What does a business do when its very existence is threatened? What are the strategies that undergird successful comebacks?
Anyone who has tried to pull a business out of a downward spiral will tell you it’s a soul-searching, gut-wrenching, taxing endeavor.
The key is to be very sure of the root cause of the decline in order to develop a workable turnaround strategy. And certain personality traits can prove helpful: a willingness to change, an amazing level of confidence in the ultimate success of the vision and the ability to get the rest of the team to believe in that vision.
But comebacks are possible. You have to believe again.
We found five comeback businesses with stories as instructive as they are inspiring.
To Make Socks in Vermont, You Have to Be Darn Tough – by Jim Motavalli
Out of Katrina’s Wreckage, a New Business Model – by Lisa Monti
An Iconic Seattle Bookstore Owner Faces a Move-or-Die Decision – by Rebekah Denn
Leveled by a Tornado, a Community and a Business Rebuild – by Aaron Barnhart
Tips For a Comeback
Don’t go it alone. When things are toughest, many business leaders isolate themselves. That’s precisely the wrong response, since it’s nearly impossible to be creative in a vacuum, says executive coach Michelle Randall. Talk with coaches, mentors and members of your team. “When things do turn around, the leaders who do this have created a more trusted team than ever before,” says Randall, the principal of Enriching Leadership International, a global management consultancy.
Turn vendors into allies. Ask for more generous terms and programs while always positioning them as being in the vendors’ best interest—because they are.
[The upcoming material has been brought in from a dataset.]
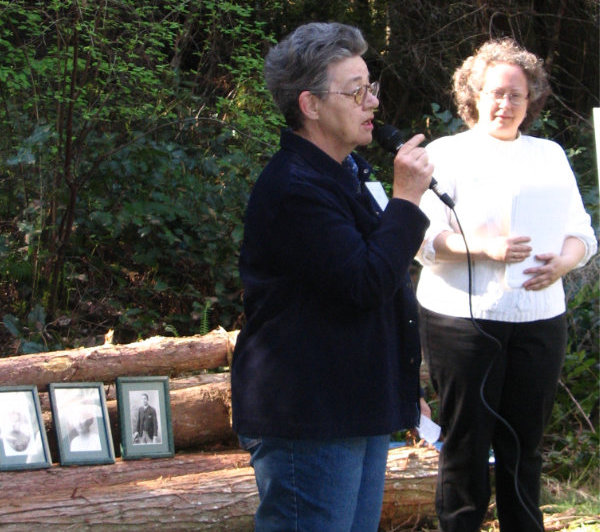 A woman with a microphone speaks at an outdoor event. Beside her another woman listens. Framed historical photos rest on piled logs behind her.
Get focused. “People I’ve seen stage successful comebacks were completely focused on the desired outcome. As a result,” Randall says, “they sought any course of action that would get them there.”
Be flexible. “My clients who have pulled off the most successful comebacks have been relentless in their belief that they could do it. As a result they were flexible in finding opportunities and marshaled the people around them to create extraordinary results.”
Don’t wallow in self-pity. “People I’ve seen be less successful got mired down in why-me thinking. That victim mentality wasted time and energy and made them overly apologetic with vendors, customers and employees instead of acting like peers.”
Remember, Randall says: “Every real business has been through plenty of crises. It’s what they do when that happens that defines them.”